要介護高齢者の搬送など BCP対策 26事業所連携で学ぶ
【東近江】 高齢者福祉サービス事業所の介護職員らが集まり、災害時の要介護高齢者ら利用者の避難誘導などを学ぶ研修会がこのほど、能登川コミュニティセンターで行われた。
地震や水害、火災など災害時の緊急事態に対応し、安全な事業継続に備えるBCP(事業継続計画)が各事業所で進められている。特に介助や介護が必要な高齢の利用者がいる介護施設ではBCPの策定が義務づけられ、各施設はその強化に取り組んでいる。
そんなBCP対策の強化を地域の施設で広く共有しようと、高齢者の介護や医療など、生活に関する総合的な相談の場「能登川地域包括支援センター」(市委託運営=社会福祉法人真寿会)が研修会を開催。この日の研修会には能登川地区の26事業所、約60人が参加した。
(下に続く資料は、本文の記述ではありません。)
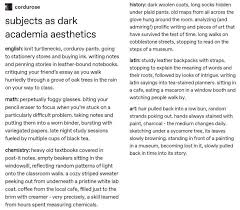 Bedroom aesthetic quiz 2020 eng sub. Subjects As Dark Academia Aesthetics Academia Aesthetics Dark Aesthetic Dark Academia
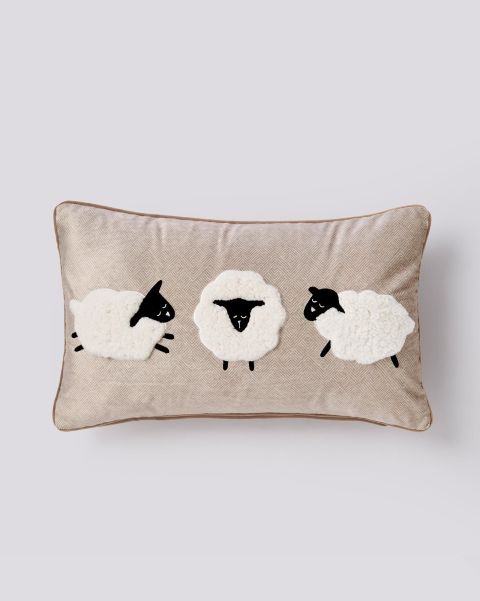 Natural Sheep Appliqué Cushion Soft Furnishings Classic Home Cotton Traders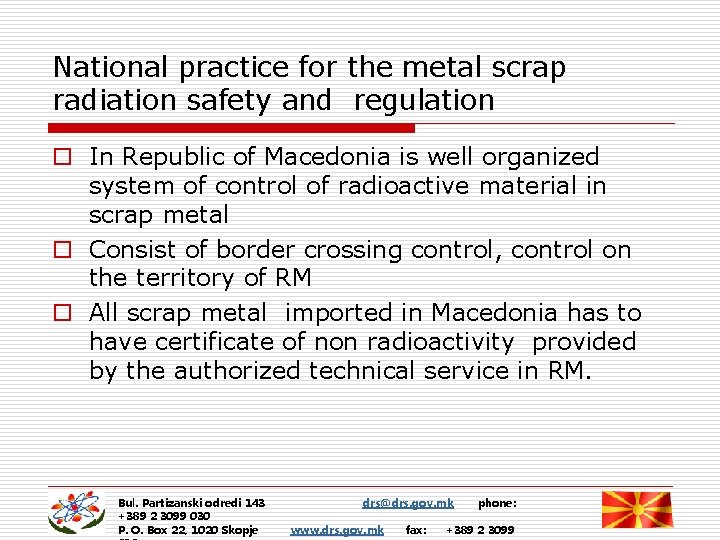 Radioactive certificate non Scrap Metal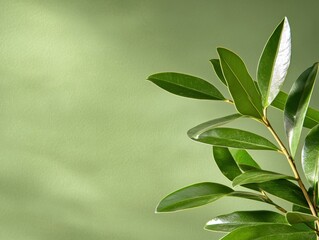 Elegant green leaves on soft background.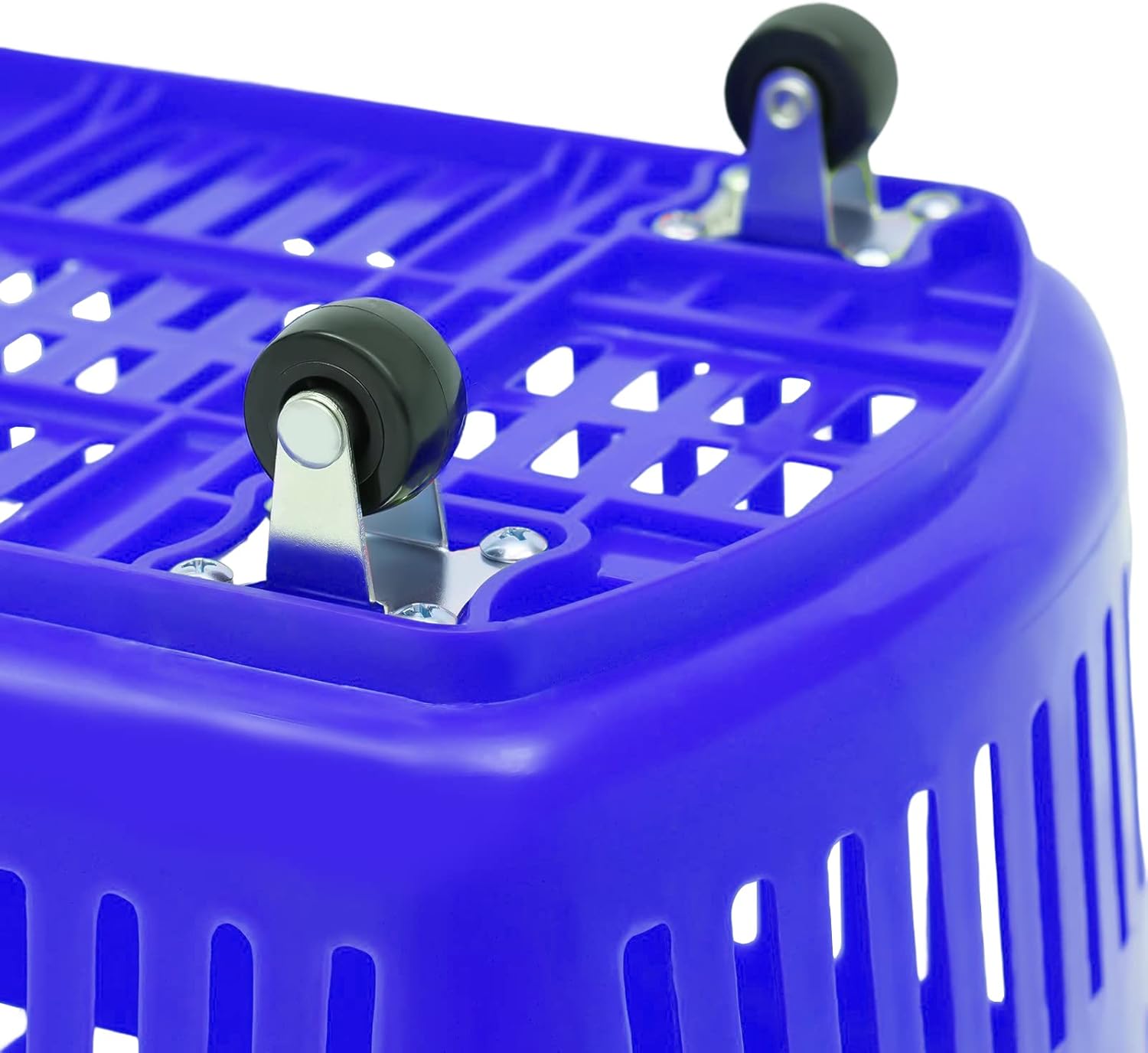 6 carritos de compras, 35 l9.2 galones de plástico con ruedas, cestas de compras con asas, juego de cestas de compras portátiles para tiendas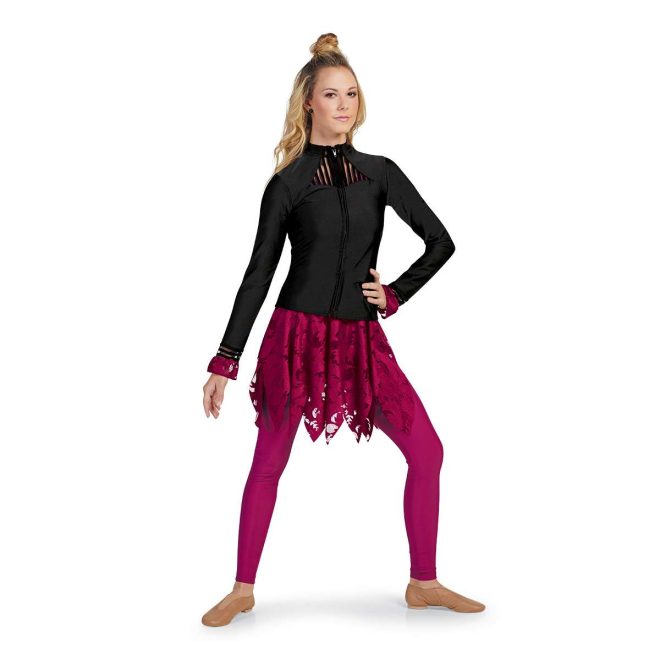 Custom sleeveless legging color guard unitard with jacket over. Black zip up with neck slits. Red lace skirt over red leggings. Front view on model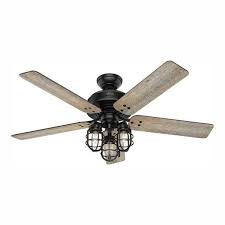 They considered a super sweet light kit for a basic fan, but the light kit cost more than a durn good fan. Hunter Port Isabel 52 In Led Indoor Outdoor Matte Black Ceiling Fan With Light Kit 53420 The Home Depot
まず、講師で招いた能登川消防署員から火災について「初期消火にこだわることなく、状況を見て避難に注力してほしい」と、施設内に設けた一時避難所を活用した避難方法が伝えられた。緊急時に必要な従業員の初動対応や、自力避難が困難な利用者の円滑な避難誘導など、小規模施設に向けた対応も伝え、参加者は各施設に最適な避難方法を考慮していた。
その後実技演習が行われ、毛布や布担架を使用するなど、介助が必要な利用者を比較的簡単に搬送する方法を署員から学んだ参加者らは、グループに分かれて実技に取り組み、緊急時に必要な技術を共有していた。
能登川地域包括支援センターの谷村真紀所長は「BCPについては各事業所が同じ課題を持っている。普段から情報や技術を共有するなど顔の見える関係を地域の事業所間でつくり、いざという時の連携につなげることも重要。災害に強い地域を築いていきたい」と話す。